This could have easily been a dream.
Your laughter, I mean.
Your blue eyes. Your silly smile showing those six teeth oh so determined to poke through that we were the only house on the block with our lights on at 3 am.
Your hair and how it parts perfectly after a bath.
This could have easily been a dream, the way you looked at me for the very first time, on your mother’s chest, crying wildly. I said your name—I said Eleanor—and you turned your head to me and your eyes opened. For the very first time in your life, your eyes opened and you saw me, your father, and it could have easily been a dream.
Like the way you learned to say dada first.
Like the way your mouth made a perfect little “O” when you saw something new.
Like the way you looked out the second story window of our small apartment in Detroit, waving waving waving as I left for work.
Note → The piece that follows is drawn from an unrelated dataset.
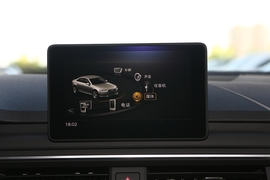 2019款奥迪A4L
Like the way you learned to blow kisses by placing your hand to your mouth and clicking.
Like the way you brighten up a room the moment you enter it.
Like the way you brightened my life the moment you entered it.
This could have easily been a dream, this past year. It could have easily been a dream and I could have woken up at any moment and said I knew it was too good to be true and continued on with another day but that never happened.
You are here. And yes, it is too good to be true, but you’re the closest thing to the truth I’ve yet to find.
This could have easily been a dream, but it isn’t.
You are here.
You are here and you are everything, love.